◆ **EXERCISE DATA**
• • • • • • •

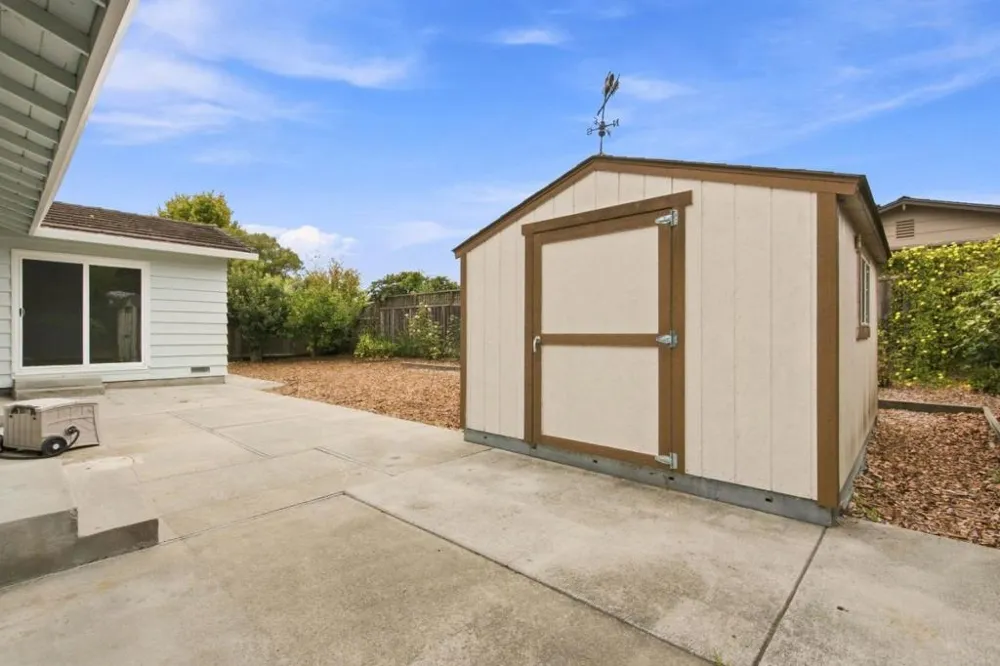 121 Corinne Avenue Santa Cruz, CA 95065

• • • • • • •

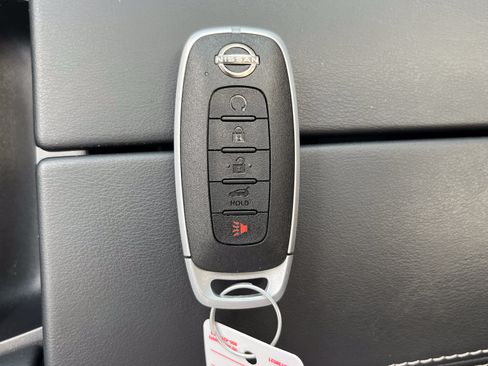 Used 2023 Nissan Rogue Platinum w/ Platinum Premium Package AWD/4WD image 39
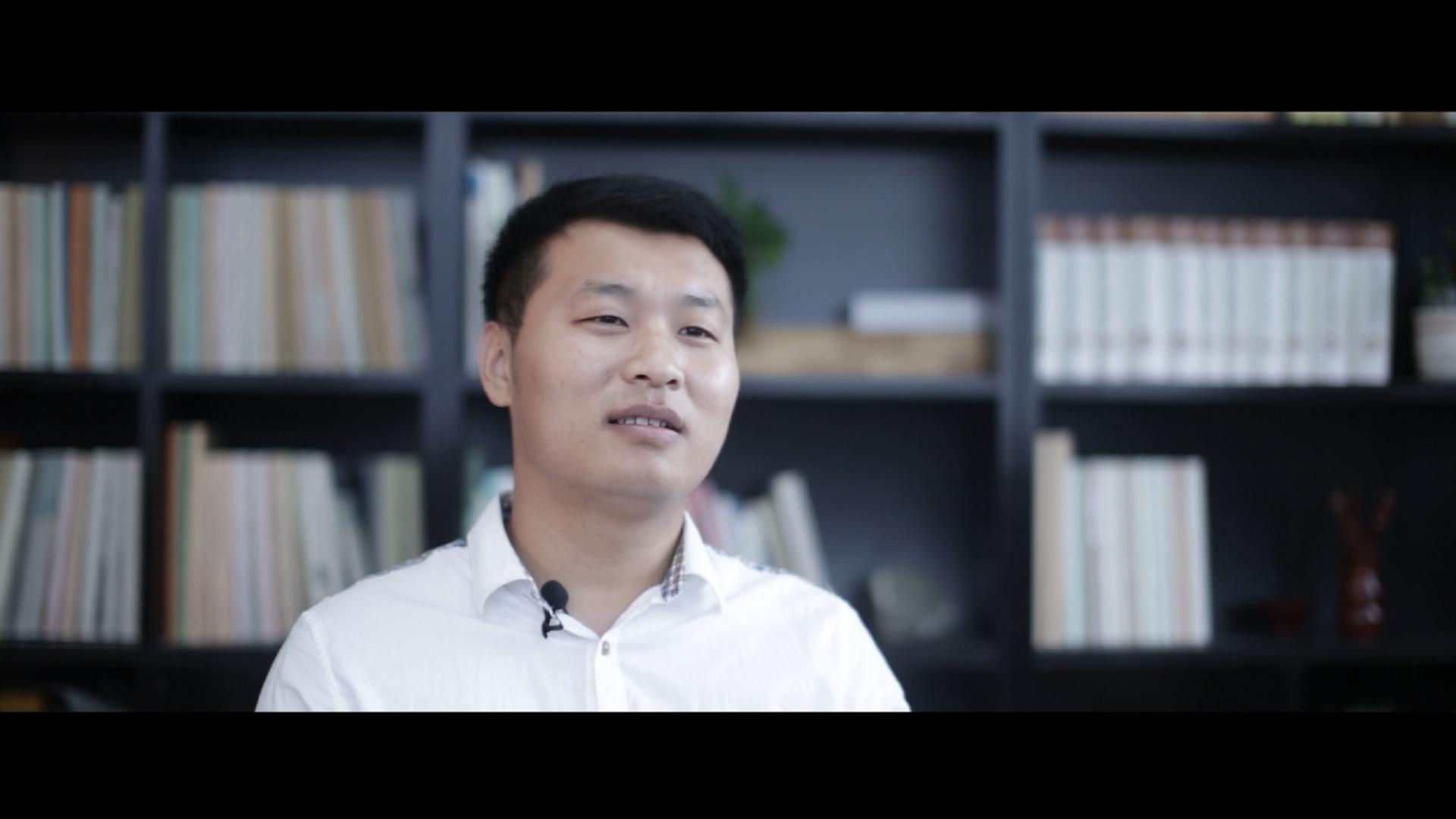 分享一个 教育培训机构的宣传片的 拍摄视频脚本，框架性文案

• • • • • • •

◆ **GOAL OF THE EXERCISE**
Once the line with "Used 2023 Nissan" is found above, transcribe each line from it through the line with "分享一个 教育培训机构的宣传片的 拍摄视频脚本，框架性文案", exactly, and omit the pictures.

◆ **WRITTEN SOLUTION**
 Used 2023 Nissan Rogue Platinum w/ Platinum Premium Package AWD/4WD image 39
 分享一个 教育培训机构的宣传片的 拍摄视频脚本，框架性文案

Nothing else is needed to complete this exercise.